Hai uno stipendio netto di 1.900€ e hai bisogno di 25.000€. Con la cessione del quinto puoi arrivare a circa 380€ di rata — esattamente un quinto. Ma c’è un’altra strada che molti dipendenti pubblici non conoscono: il prestito con deleghe di pagamento. Con lo stesso stipendio, potresti portarti a casa il doppio.
Come funziona la cessione del quinto
Con la CQS classica, il datore di lavoro trattiene ogni mese una quota dal tuo stipendio lordo — massimo un quinto — e la gira direttamente alla banca. Tu non tocchi i soldi, la rata parte in automatico. Non puoi dimenticarti di pagarla. È questo che la rende appetibile alle banche: il rischio di insolvenza crolla.
Con uno stipendio netto di 1.900€, il quinto è circa 380€. Su 10 anni, significa un importo erogato tra 25.000€ e 32.000€ a seconda del tasso.
Il prestito con deleghe: come si differenzia
Il prestito con deleghe funziona in modo simile — la rata viene trattenuta alla fonte — ma puoi cedere fino a due quinti dello stipendio. Un quinto per la cessione classica + un quinto come “delega”. Totale: fino al 40% dello stipendio netto.
Con 1.900€ netti, parli di 760€ al mese di rata massima. In 10 anni, arrivi a importi tra 50.000€ e 65.000€.
Chi può accedere al prestito con deleghe
La delega non è garantita dalla legge come la CQS — dipende dall’accordo tra datore di lavoro e istituto finanziario. In pratica:
- Ministeri ed enti centrali dello Stato: di solito sì, le convenzioni esistono
- Comuni e province grandi: spesso hanno accordi; i piccoli no
- ASL e ospedali pubblici: spesso sì, soprattutto per il personale sanitario
- Enti locali sotto 50 dipendenti: molto raro
Come lo scopri? Chiedi all’ufficio personale se l’ente ha convenzioni con banche per prestiti con deleghe. In 5 minuti hai la risposta.
Differenze a confronto
| Caratteristica | Cessione del quinto | Prestito con deleghe |
|---|---|---|
| Rata massima | 20% stipendio netto | 20% + 20% = 40% totale |
| Importo medio (stip. 1.900€, 10 anni) | ~28.000€ | ~55.000€ |
| Chi paga la rata | Datore di lavoro | Datore di lavoro |
| Assicurazione obbligatoria | Sì | Sì |
| Disponibilità | Tutti i dipendenti PA | Solo enti con convenzioni |
Quando conviene la CQS classica
Se hai bisogno di meno di 30.000€, la cessione del quinto è spesso la scelta più semplice. Meno burocrazia, più banche disponibili, tassi competitivi. Anche se il tuo ente non ha convenzioni per la delega, accedi comunque alla CQS.

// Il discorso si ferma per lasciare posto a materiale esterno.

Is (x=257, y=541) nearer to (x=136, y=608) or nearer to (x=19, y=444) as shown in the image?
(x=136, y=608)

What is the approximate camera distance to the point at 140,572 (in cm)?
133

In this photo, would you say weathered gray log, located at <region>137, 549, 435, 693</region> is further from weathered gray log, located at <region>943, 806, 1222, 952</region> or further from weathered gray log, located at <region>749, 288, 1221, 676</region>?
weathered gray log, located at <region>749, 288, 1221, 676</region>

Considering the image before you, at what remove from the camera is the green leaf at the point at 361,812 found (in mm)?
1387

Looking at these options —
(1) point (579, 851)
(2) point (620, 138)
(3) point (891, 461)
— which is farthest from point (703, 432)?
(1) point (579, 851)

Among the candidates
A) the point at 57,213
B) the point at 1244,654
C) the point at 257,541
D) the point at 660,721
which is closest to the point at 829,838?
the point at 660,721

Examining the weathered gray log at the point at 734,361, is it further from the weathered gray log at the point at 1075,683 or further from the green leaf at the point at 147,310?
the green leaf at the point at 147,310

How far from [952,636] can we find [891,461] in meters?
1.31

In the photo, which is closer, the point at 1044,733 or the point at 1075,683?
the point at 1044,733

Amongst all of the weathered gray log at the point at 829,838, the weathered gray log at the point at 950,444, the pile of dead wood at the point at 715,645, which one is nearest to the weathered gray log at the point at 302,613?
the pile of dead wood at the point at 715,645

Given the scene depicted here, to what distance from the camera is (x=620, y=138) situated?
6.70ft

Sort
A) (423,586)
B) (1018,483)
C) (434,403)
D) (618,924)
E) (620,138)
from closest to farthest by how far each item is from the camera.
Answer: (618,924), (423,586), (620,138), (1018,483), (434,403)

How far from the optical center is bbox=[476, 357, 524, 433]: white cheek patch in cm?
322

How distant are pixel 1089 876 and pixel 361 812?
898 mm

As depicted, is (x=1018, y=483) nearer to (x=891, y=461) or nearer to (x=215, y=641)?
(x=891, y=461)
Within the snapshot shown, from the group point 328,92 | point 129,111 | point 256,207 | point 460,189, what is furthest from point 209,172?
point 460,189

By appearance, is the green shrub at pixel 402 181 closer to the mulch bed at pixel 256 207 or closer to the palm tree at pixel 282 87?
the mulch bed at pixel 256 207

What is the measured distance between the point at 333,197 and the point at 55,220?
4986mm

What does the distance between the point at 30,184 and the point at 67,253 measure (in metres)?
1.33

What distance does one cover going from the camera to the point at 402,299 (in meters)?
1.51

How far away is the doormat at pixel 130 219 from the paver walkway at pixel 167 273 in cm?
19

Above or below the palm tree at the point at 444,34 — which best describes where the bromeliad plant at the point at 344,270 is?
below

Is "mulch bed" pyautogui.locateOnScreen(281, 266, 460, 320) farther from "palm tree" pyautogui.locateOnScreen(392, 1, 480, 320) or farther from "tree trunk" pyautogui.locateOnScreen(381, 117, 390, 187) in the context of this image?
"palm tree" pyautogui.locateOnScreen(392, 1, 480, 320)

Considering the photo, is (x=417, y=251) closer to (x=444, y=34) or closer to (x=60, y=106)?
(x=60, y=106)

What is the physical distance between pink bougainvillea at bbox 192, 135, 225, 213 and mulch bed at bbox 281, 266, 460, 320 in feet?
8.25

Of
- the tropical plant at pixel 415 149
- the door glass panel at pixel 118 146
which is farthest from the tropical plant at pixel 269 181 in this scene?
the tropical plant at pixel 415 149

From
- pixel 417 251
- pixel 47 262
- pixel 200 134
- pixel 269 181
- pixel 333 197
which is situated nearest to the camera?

Quando conviene aggiungere la delega
Hai già una cessione del quinto in corso e vuoi liquidità extra? La delega è lo strumento giusto. Oppure hai bisogno di un importo importante — ristrutturazione, spese mediche, estinzione debiti — e il solo quinto non basta.
Attenzione: con il 40% dello stipendio impegnato, controlla che il residuo ti permetta di vivere bene. Con 1.900€ netti, dopo 760€ di rata ti restano 1.140€. Non è poco, ma dipende dalle tue spese fisse.
Tassi: sono diversi?
I tassi sul prestito con deleghe sono in genere leggermente più alti rispetto alla cessione classica, tra 0,5 e 1,5 punti percentuali di TAN. Non tantissimo, ma su importi alti pesa. Esempio: 50.000€ a 10 anni con TAN 7% = rata ~580€. Con TAN 8,5% = rata ~620€. Su 120 mesi parliamo di circa 4.800€ in più.